The simplest way to control the model and options is to pass them directly in the request. This is ideal for one-off adjustments.

```php theme={null}
use Cognesy\Instructor\StructuredOutput;

$person = (new StructuredOutput)->with(
    messages: $text,
    responseModel: Person::class,
    model: 'gpt-4o-mini',
    options: ['temperature' => 0],
)->get();
// @doctest id="647e"
```

You can also use the fluent API for the same result.

```php theme={null}
$person = (new StructuredOutput)
    ->withMessages($text)
    ->withResponseClass(Person::class)
    ->withModel('gpt-4o-mini')
    ->withOptions(['temperature' => 0])
    ->get();
// @doctest id="6eb6"
```

The `options` array is passed directly to the LLM provider.
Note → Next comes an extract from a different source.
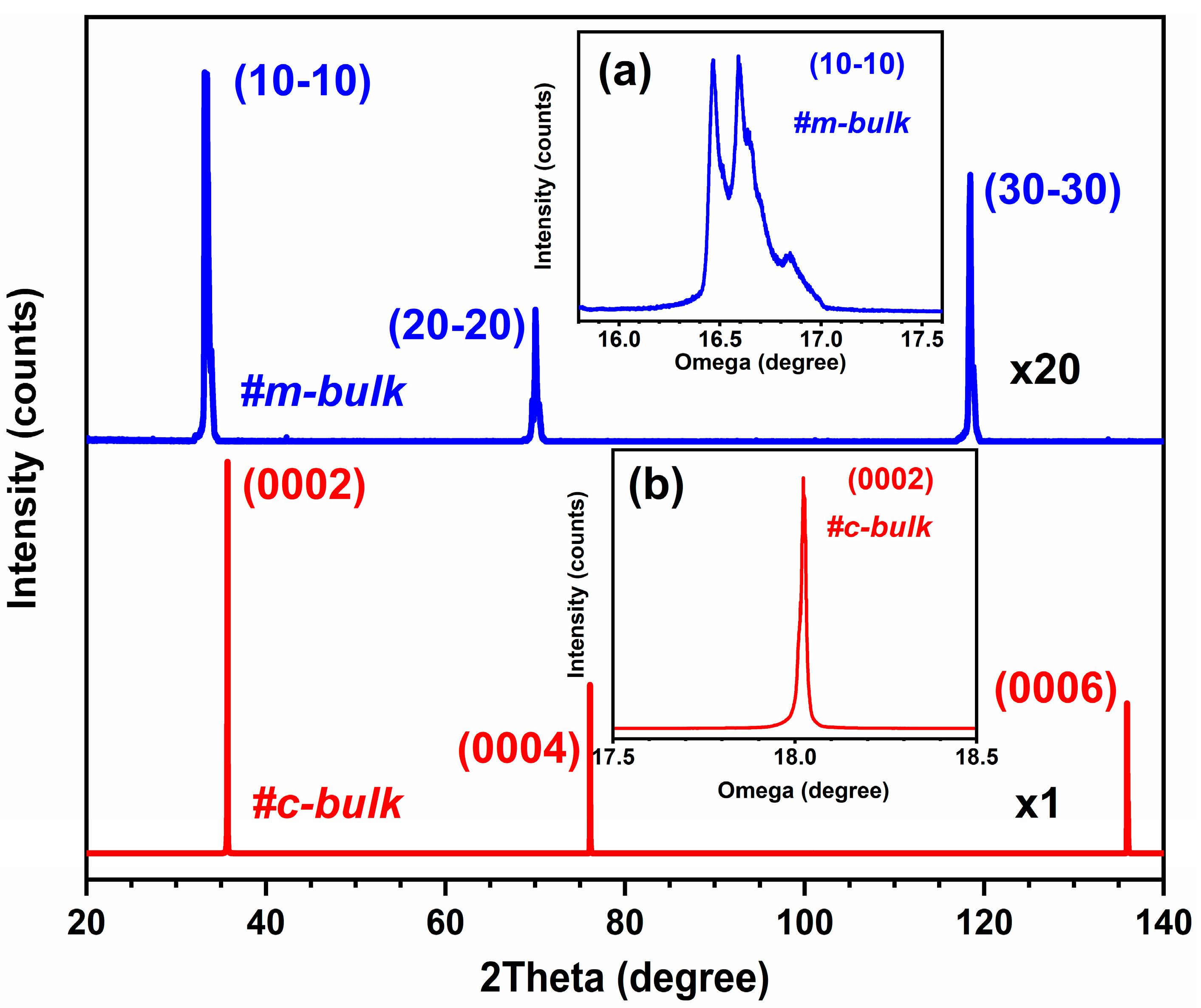 Materials 16 01925 g001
Common options include `temperature`, `max_tokens`, and `top_p`, though available options vary by provider and model.

## Using LLMConfig

When you need consistent settings across multiple requests -- such as a custom API key, base URL, or organization -- use `LLMConfig` to construct a configured `StructuredOutput` instance.

```php theme={null}
use Cognesy\Instructor\StructuredOutput;
use Cognesy\Polyglot\Inference\Config\LLMConfig;

$config = new LLMConfig(
    apiUrl: 'https://api.openai.com/v1',
    apiKey: $yourApiKey,
    endpoint: '/chat/completions',
    metadata: ['organization' => ''],
    model: 'gpt-4o-mini',
    maxTokens: 128,
    driver: 'openai',
);

$structuredOutput = StructuredOutput::fromConfig($config);

$person = $structuredOutput->with(
    messages: $text,
    responseModel: Person::class,
    options: ['temperature' => 0],
)->get();
// @doctest id="a725"
```

Per-request `model` and `options` values override the corresponding `LLMConfig` defaults, so you can set sensible defaults in the config and adjust individual requests as needed.

## Using Presets

If you have named LLM configurations defined in a configuration file, you can load them by name.

```php theme={null}
$person = StructuredOutput::using('anthropic')
    ->with(messages: $text, responseModel: Person::class)
    ->get();
// @doctest id="bf37"
```

The preset name is resolved through `LLMConfig::fromPreset()`, which loads the connection details from your configuration.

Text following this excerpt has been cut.